**Exercise brief**
An exact copy of every record below is required, with the pictures left out.
--- Raw data Enclosed Below ---
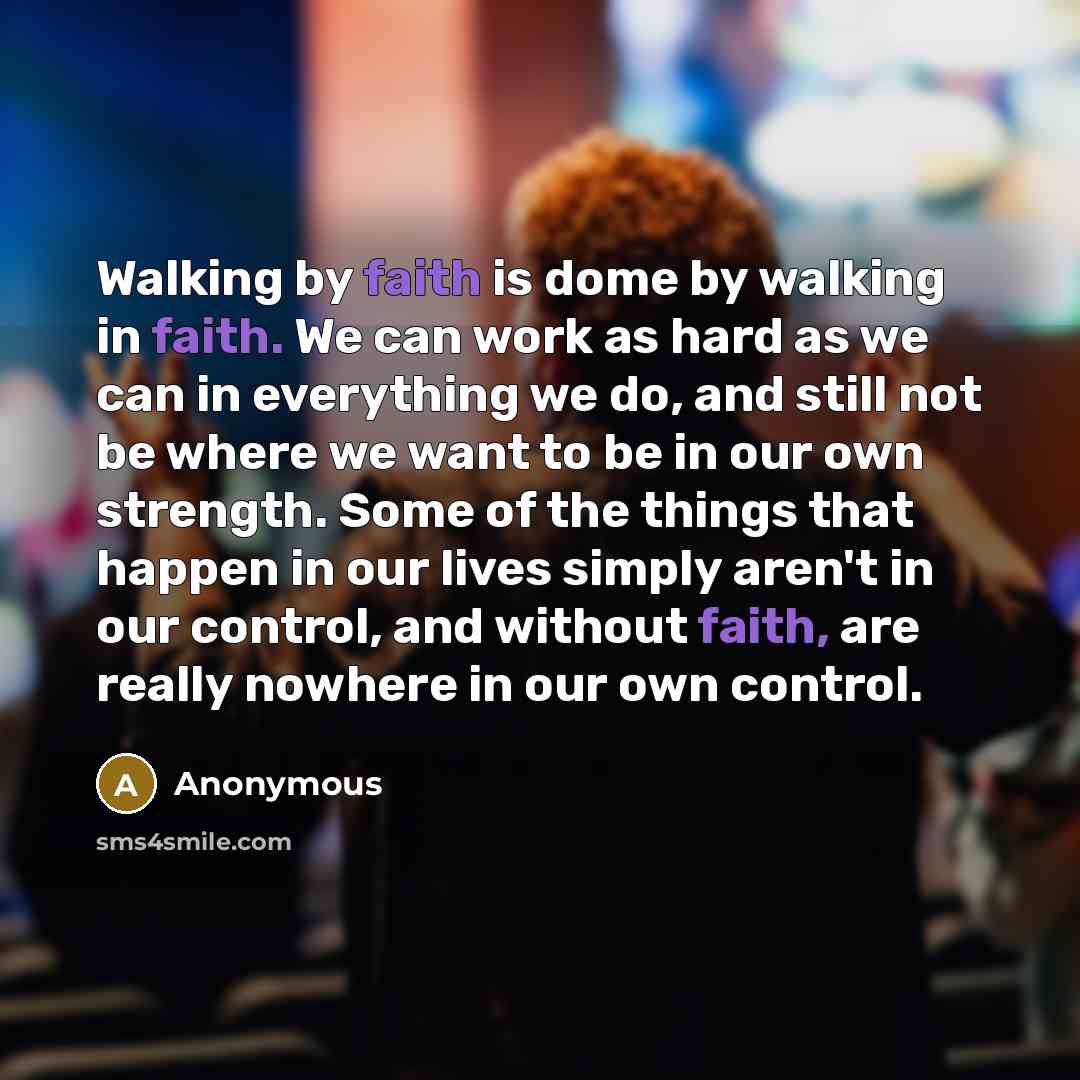 “Walking by faith is dome by walking in faith. We…” quote by Anonymous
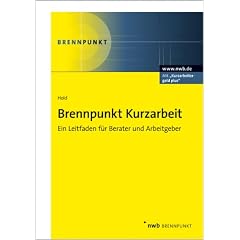 Brennpunkt Kurzarbeit: Ein Leitfaden f�r Berater und Arbeitgeber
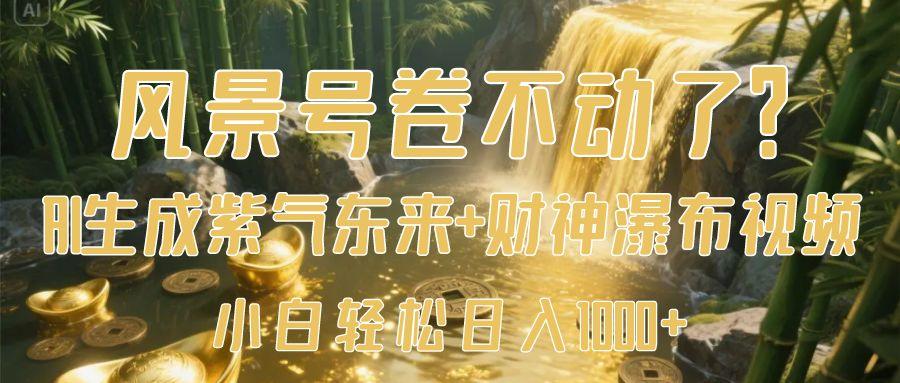风景号卷不动了？AI一键生成紫气东来+财神瀑布视频，小白轻松日入1000+大圣网创吧-网创项目资源站-副业项目-创业项目-搞钱项目网创吧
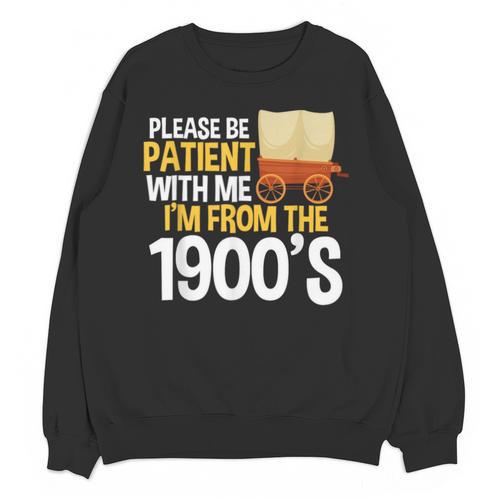 Please Be Patient With Me I'm From The 1900s Vintage Oregon Unisex Sweatshirt - Figerry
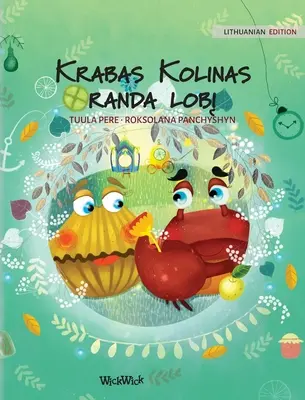 Krabas Kolinas randa lobį: Litauische Ausgabe von Colin the Crab Finds a Treasure - Krabas Kolinas randa lobį: Lithuanian Edition of Colin the Crab Finds a Treasure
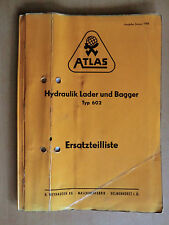 Ersatzteilliste ATLAS Lader und Bagger Typ 602 Ausgabe 1958 Bauernlader  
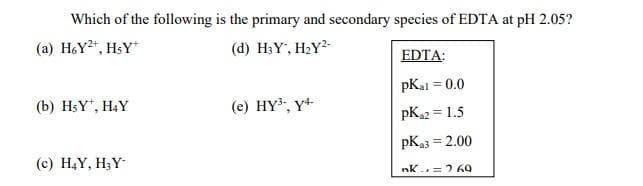 Which of the following is the primary and secondary species of EDTA at pH 2.05?
(a) H6Y²+, HSY*
(d) H3Y, H2Y2-
EDTA:
pK₂1 = 0.0
(b) HsY*, H4Y
(e) HY³-, Y4-
PK₁2 = 1.5
PK₂3 = 2.00
(c) H₂Y, H₂Y-
nk = 760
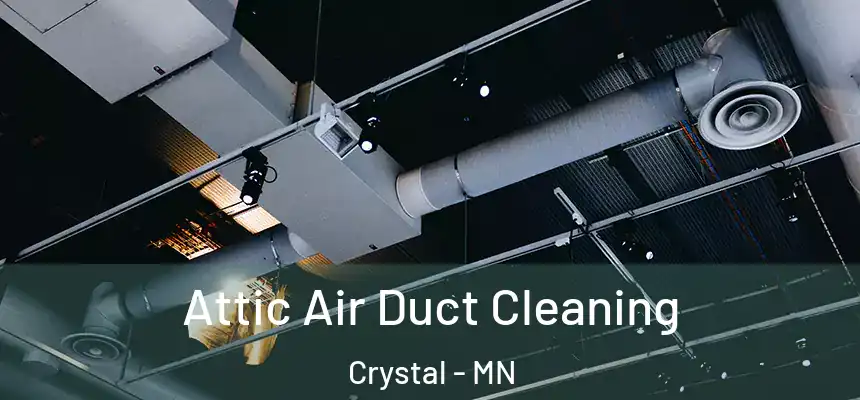 Attic Air Duct Cleaning Crystal - MN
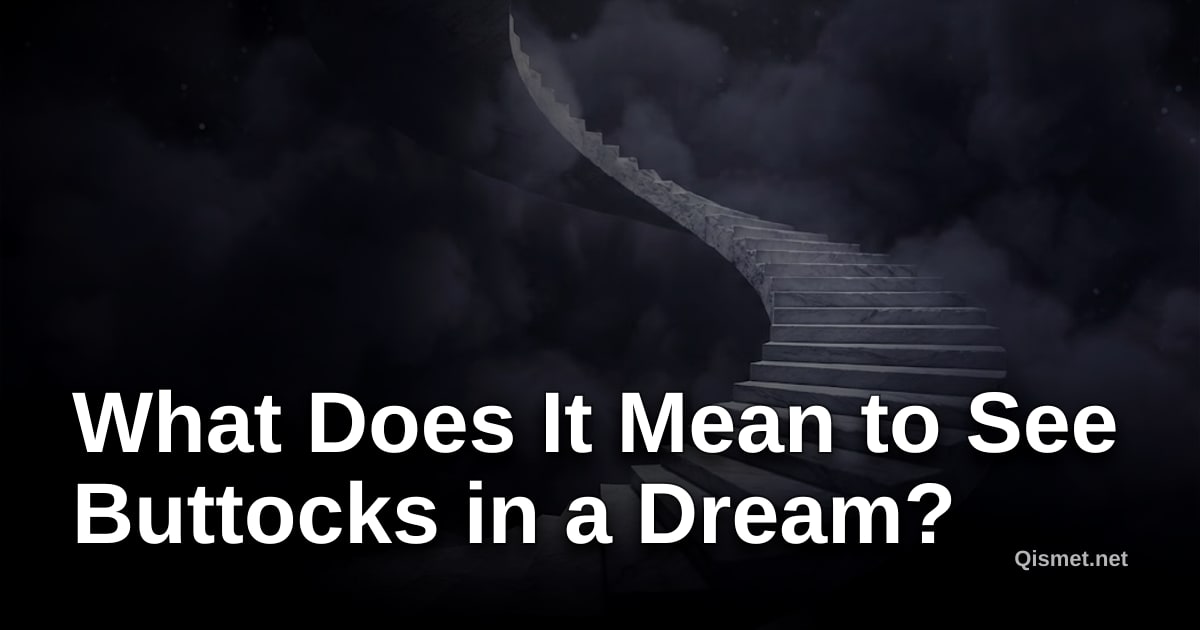 What Does It Mean to See Buttocks in a Dream?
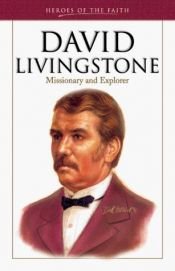 book cover of Heroes of the Faith: David Livingstone by Sam Wellman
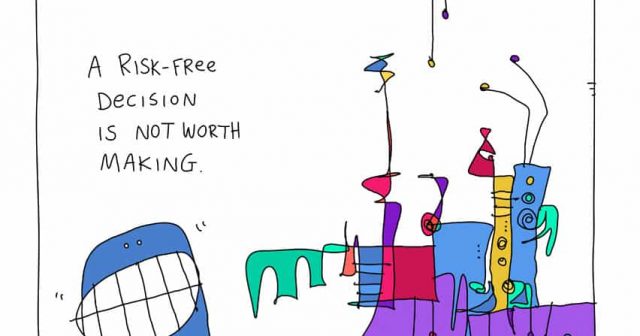 A Risk-Free Decision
--- End of Enclosed Raw data ---
**Answer for the task**
 “Walking by faith is dome by walking in faith. We…” quote by Anonymous
 Brennpunkt Kurzarbeit: Ein Leitfaden f�r Berater und Arbeitgeber
风景号卷不动了？AI一键生成紫气东来+财神瀑布视频，小白轻松日入1000+大圣网创吧-网创项目资源站-副业项目-创业项目-搞钱项目网创吧
 Please Be Patient With Me I'm From The 1900s Vintage Oregon Unisex Sweatshirt - Figerry
 Krabas Kolinas randa lobį: Litauische Ausgabe von Colin the Crab Finds a Treasure - Krabas Kolinas randa lobį: Lithuanian Edition of Colin the Crab Finds a Treasure
 Ersatzteilliste ATLAS Lader und Bagger Typ 602 Ausgabe 1958 Bauernlader  
 Which of the following is the primary and secondary species of EDTA at pH 2.05?
(a) H6Y²+, HSY*
(d) H3Y, H2Y2-
EDTA:
pK₂1 = 0.0
(b) HsY*, H4Y
(e) HY³-, Y4-
PK₁2 = 1.5
PK₂3 = 2.00
(c) H₂Y, H₂Y-
nk = 760
 Attic Air Duct Cleaning Crystal - MN
 What Does It Mean to See Buttocks in a Dream?
 book cover of Heroes of the Faith: David Livingstone by Sam Wellman
 A Risk-Free Decision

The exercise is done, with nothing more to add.